-1

I need to write a script in Python using which I run a query on all the columns of the table uploaded on bigquery. I understand that I can select individual columns by their names and process them like : SELECT DISTINCT column_name FROM table_name and then write a UDF in javascript to do my processing.

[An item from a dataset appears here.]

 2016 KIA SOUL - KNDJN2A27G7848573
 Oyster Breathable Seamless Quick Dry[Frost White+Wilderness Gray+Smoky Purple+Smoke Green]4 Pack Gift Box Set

But, my requirement is to obtain all the column names of the schema(suppose as a list) and then one by one pass the elements of the list in the select statement like suppose the list of column names is l = [col1,col2,col3...] I want to do something like:

for i in range(0,len(l):
    SELECT DISTINCT l[i] from table_name

so that I do not need to hard code the column names of the schema in my code. How can I do this bigquery using standard sql? or is it not possible and I need to pass my entire dataset into javascript UDF and then do all my processing there?

Elliott Brossard
  • 32,095
  • 2
  • 67
  • 99

1 Answers1

0

There is no way currently to apply a user-defined function to each column in a table separately without enumerating all of them. One idea is to do row-based processing instead, though that still requires listing the column names and types as part of the function definition. For example:

#standardSQL
CREATE TEMP FUNCTION ProcessRow(t STRUCT<x FLOAT64, y STRING, z BOOL>)
RETURNS STRUCT<x FLOAT64, y STRING, z BOOL> LANGUAGE js AS """
  function ProcessColumn(x) {
    // (Some processing here)
    return x;
  }

  var new_t = new Object();
  for (var property in t) {
    if (t.hasOwnProperty(property)) {
      new_t[property] = ProcessColumn(t[property]);
    }
  }
  return new_t;
""";

WITH YourTable AS (
  SELECT 1 AS x, 'foo' AS y, true AS z
)
SELECT ProcessRow(t).*
FROM YourTable t;

This would be simpler if BigQuery supported templated functions, which you can star on the issue tracker to register your interest.

Elliott Brossard
  • 32,095
  • 2
  • 67
  • 99